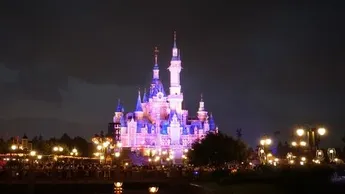 ApeCoin：迈向Web3迪士尼的最后一块版图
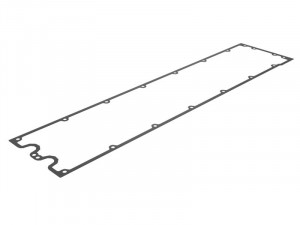 Прокладка | Gasket #2S-9943 (2S9943)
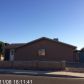 1765 W 28th Ln, Yuma, AZ 85364 ID:1632182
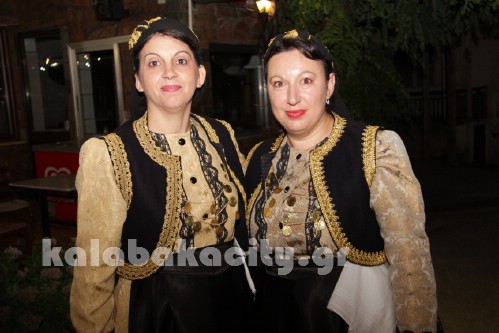 agios dimitrios IMG 2905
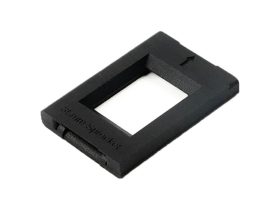 Valoi Easy35 Sprocket Holder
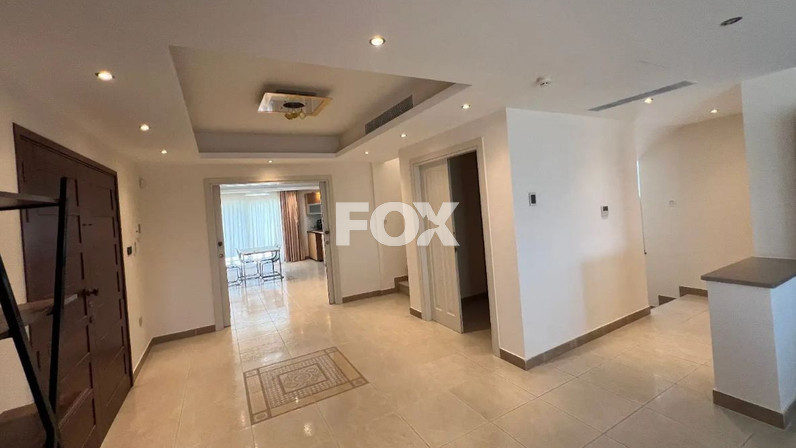 Коммерческая недвижимость 550 м² в аренду в Germasogeia, Limassol, Cyprus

-*-

▶ **What is needed**
Please copy the lines exactly, beginning at the one containing "Прокладка | Gasket #2S-9943 (2S9943)" and ending at the last line of the records above, both included, with the pictures left out.

▶ **Response area**
 Прокладка | Gasket #2S-9943 (2S9943)
 1765 W 28th Ln, Yuma, AZ 85364 ID:1632182
 agios dimitrios IMG 2905
 Valoi Easy35 Sprocket Holder
 Коммерческая недвижимость 550 м² в аренду в Germasogeia, Limassol, Cyprus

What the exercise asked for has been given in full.